I am using ipset with Pi-hole for a long time. It is very performant and a lot better than what other popular script like fail2ban are doing with adding thousands of individual rules to the firewall.
The dnsmasq man page wrongly suggests that you need a domain for this to work but maybe this is only a Pi-hole enhancement. You can simply use
ipset=pihole
to add the IPs of all queries to the pihole ipset. You can see what happens as lines like ipset add ... are added to /var/log/pihole.log if you do it properly.

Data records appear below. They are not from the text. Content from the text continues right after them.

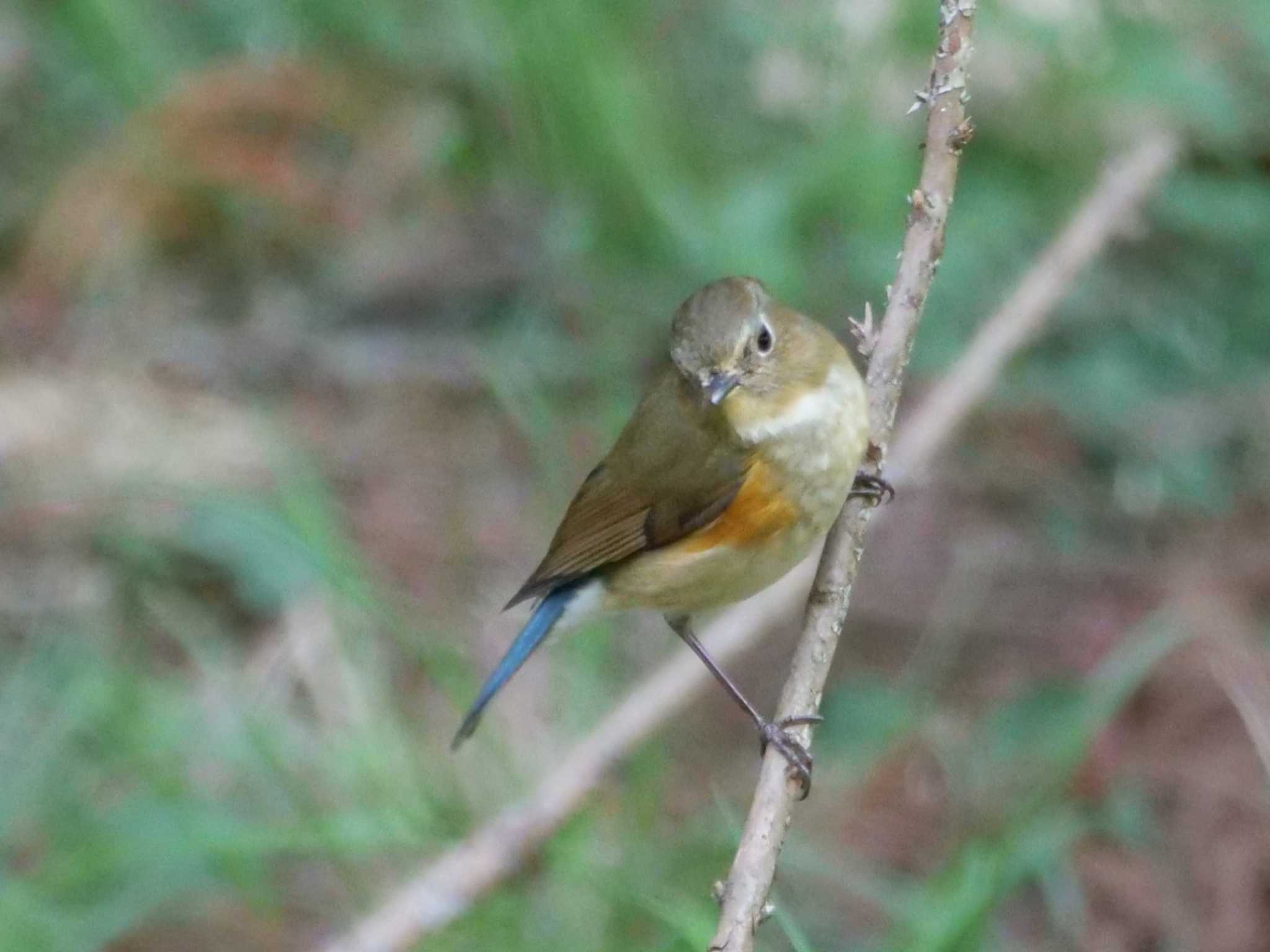 ルリビタキ3態。　もういないのかと思っていました。 by little birds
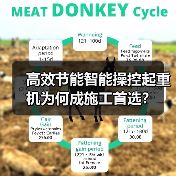 高效节能智能操控起重机为何成施工首选?(图4) 高效节能智能操控起重机为何成施工首选?(图4)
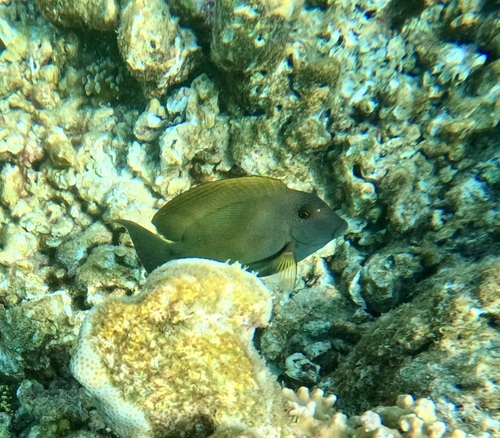 Ctenochaetus striatus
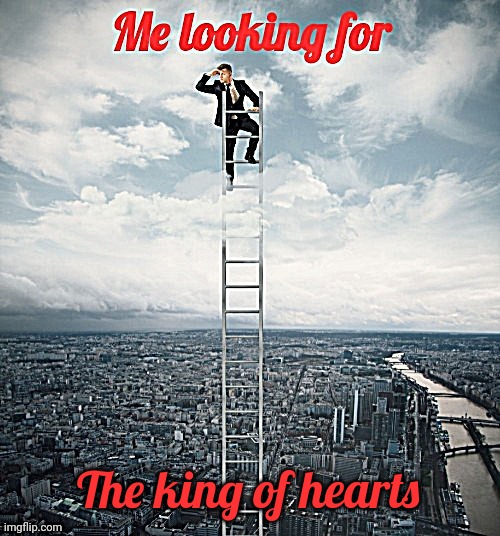 Searching | The king of hearts | image tagged in searching | made w/ Imgflip meme maker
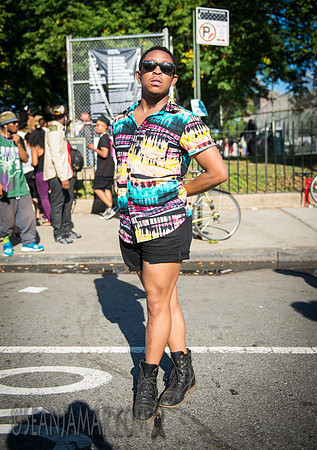 Afropunk Festival - Commodore Barry Park - BK USA - 2014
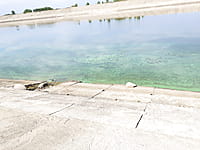 Река Волга. 30 августа 2021 (пн).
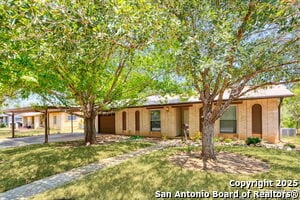 443 River Rd in Schertz, TX - Building Photo - Building Photo
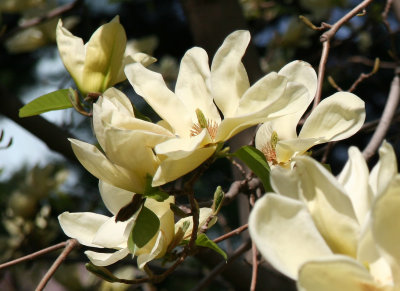 Yellow Magnolia Blossoms - Conservatory Gardens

The ipset needs to exist, created by something like
ipset create pihole hash:ip
or you will see errors.
First, add a rule for the Pi-hole itself that allows the Pi-hole to connect to ports 53 worldwide to exclude the Pi-hole from being blocked to reach the DNS servers:
iptables -A INPUT -d 127.0.0.1 --sport 53 -m state --state ESTABLISHED -j ACCEPT
iptables -A OUTPUT -s 127.0.0.1 --dport 53 -m state --state NEW,ESTABLISHED -j ACCEPT
Finally, configure iptables to permit only addresses in that set:
iptables -I INPUT -m set --match-set pihole src -j ACCEPT
iptables -I FORWARD -m set --match-set pihole dst -j ACCEPT
iptables -I OUTPUT -m set --match-set pihole dst -j ACCEPT
and set the default policies to DROP:
iptables -P INPUT DROP
iptables -P FORWARD DROP
iptables -P OUTPUT DROP
This configures you firewall to only permit outgoing and forwarding to and incoming from traffic to IP addresses derived via DNS.
Pro tips:
- You can check the IP addresses with
ipset list pihole - Do the same for IPv6 using
ip6tables - Add Pi-hole port 53 rules for IPv6, too
- The ipset you have created is stored in memory for speed. It will be gone after reboot. Use
ipset save > /some/backup.fileto backup youripsetwhen rebooting or your clients may experience issues when rebooting the device.